On Aug. 14, 1945, the day Japan’s surrender to the United States was announced, Times Square in New York City was overrun with crowds celebrating the end of the war. Overcome with emotion, a sailor spontaneously embraced and kissed a woman in a white uniform. Unbeknownst to the couple, Life magazine photographer Alfred Eisenstaedt captured the moment.
For decades, the identity of the couple in one of the 20th century’s most memorable pictures remained a mystery. Surprisingly, neither the sailor nor the woman in white saw it until 1980. In the meantime, legions of sailors and nurses stepped forward to say they were in the picture. In “The Kissing Sailor: The Mystery Behind the Photo That Ended World War II” (Naval Institute), Rhode Island history teacher Lawrence Verria and retired Navy captain George Galdorisi make a compelling case for the identity of the couple.
On the day World War II ended, so their story goes, George Mendonsa, a Navy sailor from Newport, R.I., and his girlfriend (whom he later married) were making their way through the crowds in Times Square when he was seized by a desire to kiss a woman dressed in white. Her uniform evoked in him an overwhelming sense of gratitude for the nurses who had ministered to his wounded buddies during the war. He did not know that the woman he embraced, Greta Zimmer, was not a nurse, but a dental assistant.
When Life magazine in 1980 asked the kissing sailor to identify himself, a number of men, including Mendonsa, claimed to be the one.
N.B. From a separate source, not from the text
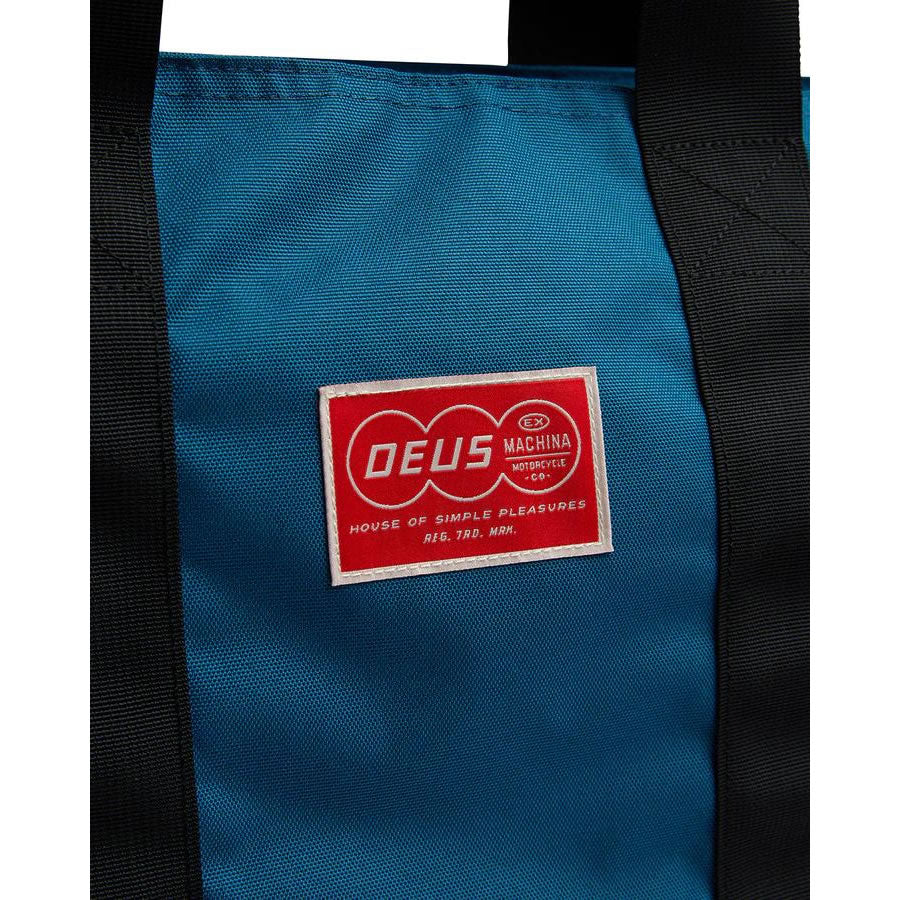 DEUS EX MACHINA ( デウスエクスマキナ ) / トートバッグ / HINTERLANDS TOTE BAG - DUSTY BLUE / DMP247409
The previous year a woman named Edith Shain had come forward to say that she was the woman in white. Eisenstaedt verified her claim, but the “Kissing Sailor” disputes it. The co-authors consulted with forensic anthropologists and experts in facial recognition and examined hairlines, knuckles, noses, and a tattoo. They conclude that Zimmer and Mendonsa (pictured) were the kissers. According to “Kissing Sailor,” the couple has been reunited from time to time over the years (as in the 2009 photo above), but they have never re-enacted their famous kiss.
Debut wins Orange Prize
Cambridge resident Madeline Miller has won the 2012 Orange Prize for Fiction for her debut novel, “The Song of Achilles” (Ecco), a retelling of Homer’s “Iliad.”
In announcing the prize, Joanna Trollope, chairwoman of the judges, said, “This is a more than worthy winner — original, passionate, inventive and uplifting. Homer would be proud of her.” Selecting a winner this year was particularly difficult because the six books on the shortlist were so strong, she said. They included “State of Wonder” by Ann Patchett, “Foreign Bodies” by Cynthia Ozick, and “The Forgotten Waltz” by Anne Enright.
The Orange Prize is awarded to the best novel of the year written in English by a woman. Miller, who has taught Latin, the classics, and Shakespeare at the high school level, spent 10 years on her novel.
■ “Heading Out to Wonderful”by Robert Goolrick (Algonquin)
■ “Skeleton Box” by Bryan Gruley (Touchstone)
■ “The Happiest Baby Guide to Great Sleep” by Dr. Harvey Karp (Morrow)
Pick of the week
Claire Benedict of Bear Pond Books in Montpelier, Vt., recommends “Seating Arrangements” by Maggie Shipstead (Knopf): “This is the kind of character-driven, thoroughly enjoyable read I love. It easily compares to the family drama in J. Courtney Sullivan’s ‘Maine’ and the humor in Richard Russo’s ‘That Old Cape Magic.’ Just add lots of gin and tonics, men in pants with whales on them, and characters with names like Biddy, Fee, and Oatsie, and you’ve got this irresistible novel.”